## Exercise details
Locate the line that contains "Cif Infinite Clean" in the entries below, then repeat it and every following line through the line that contains "Outdoor Solar Fan", exactly, and no others.

## Source material
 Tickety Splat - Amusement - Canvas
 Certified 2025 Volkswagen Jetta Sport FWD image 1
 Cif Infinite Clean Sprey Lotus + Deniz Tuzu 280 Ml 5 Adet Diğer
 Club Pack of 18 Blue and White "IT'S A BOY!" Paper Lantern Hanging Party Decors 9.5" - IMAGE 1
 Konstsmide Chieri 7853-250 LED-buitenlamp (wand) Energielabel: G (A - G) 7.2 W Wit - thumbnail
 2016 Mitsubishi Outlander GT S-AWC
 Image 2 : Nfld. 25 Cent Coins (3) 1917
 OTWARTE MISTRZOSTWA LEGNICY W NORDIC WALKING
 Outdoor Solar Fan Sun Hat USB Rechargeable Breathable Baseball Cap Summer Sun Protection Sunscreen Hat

...

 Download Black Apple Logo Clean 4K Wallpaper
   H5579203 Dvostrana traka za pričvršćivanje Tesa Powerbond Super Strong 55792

* * *

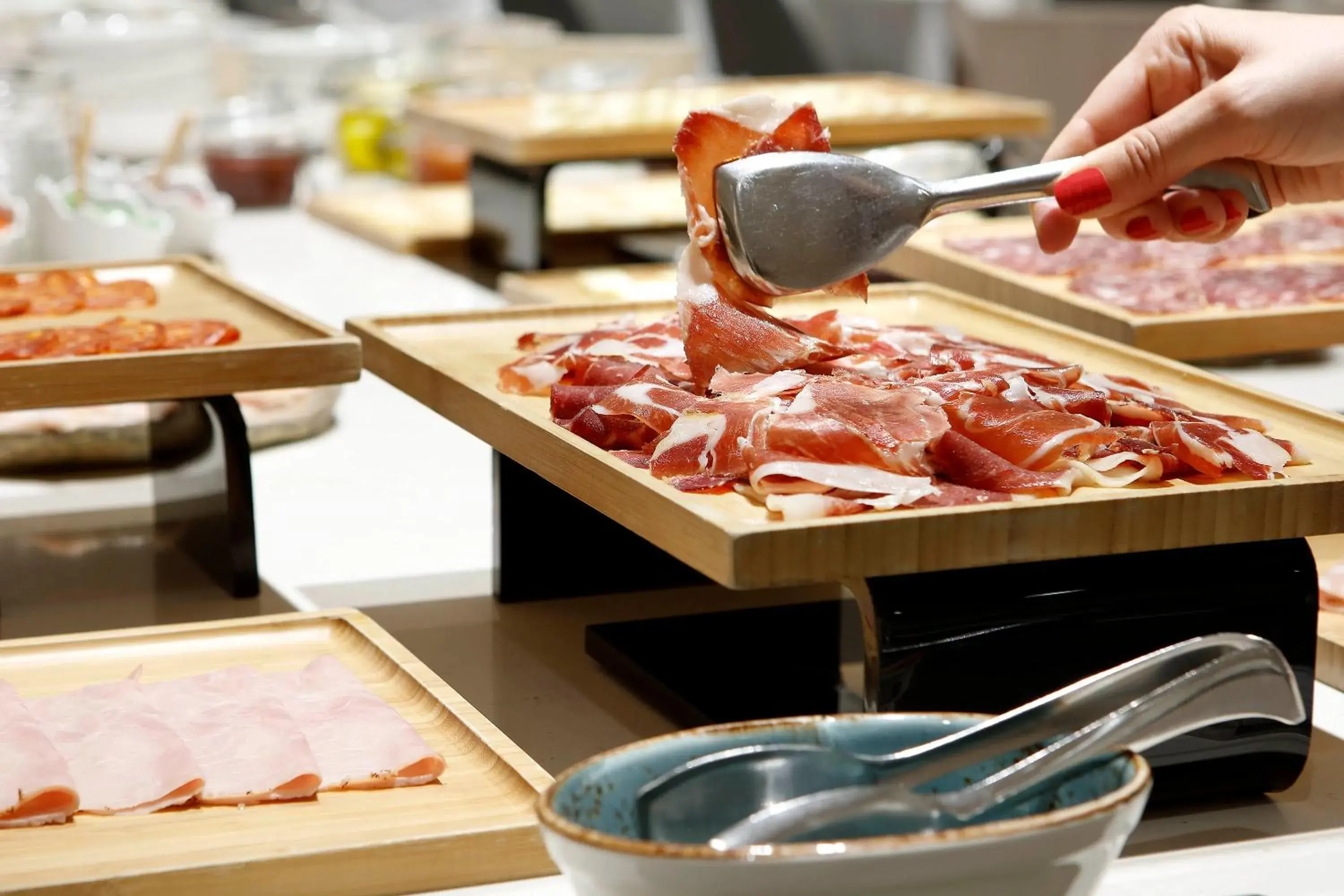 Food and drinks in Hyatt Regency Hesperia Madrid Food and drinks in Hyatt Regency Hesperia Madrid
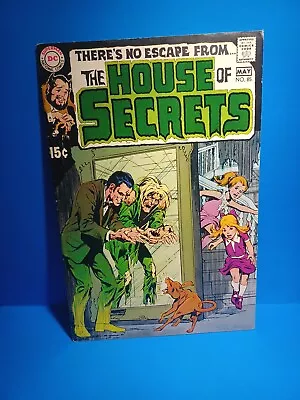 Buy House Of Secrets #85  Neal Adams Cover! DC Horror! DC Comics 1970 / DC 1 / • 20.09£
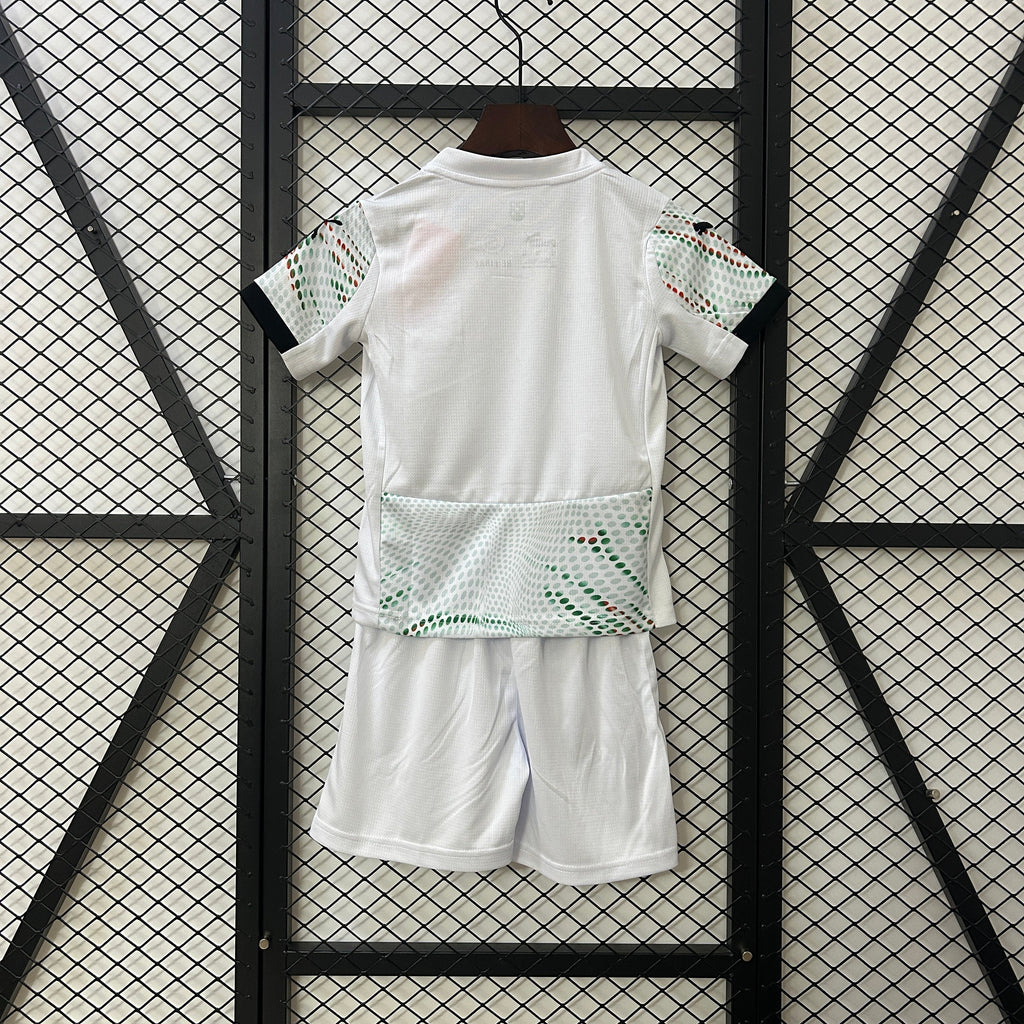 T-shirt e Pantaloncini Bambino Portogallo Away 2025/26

## Completed exercise
 Cif Infinite Clean Sprey Lotus + Deniz Tuzu 280 Ml 5 Adet Diğer
 Club Pack of 18 Blue and White "IT'S A BOY!" Paper Lantern Hanging Party Decors 9.5" - IMAGE 1
 Konstsmide Chieri 7853-250 LED-buitenlamp (wand) Energielabel: G (A - G) 7.2 W Wit - thumbnail
 2016 Mitsubishi Outlander GT S-AWC
 Image 2 : Nfld. 25 Cent Coins (3) 1917
 OTWARTE MISTRZOSTWA LEGNICY W NORDIC WALKING
 Outdoor Solar Fan Sun Hat USB Rechargeable Breathable Baseball Cap Summer Sun Protection Sunscreen Hat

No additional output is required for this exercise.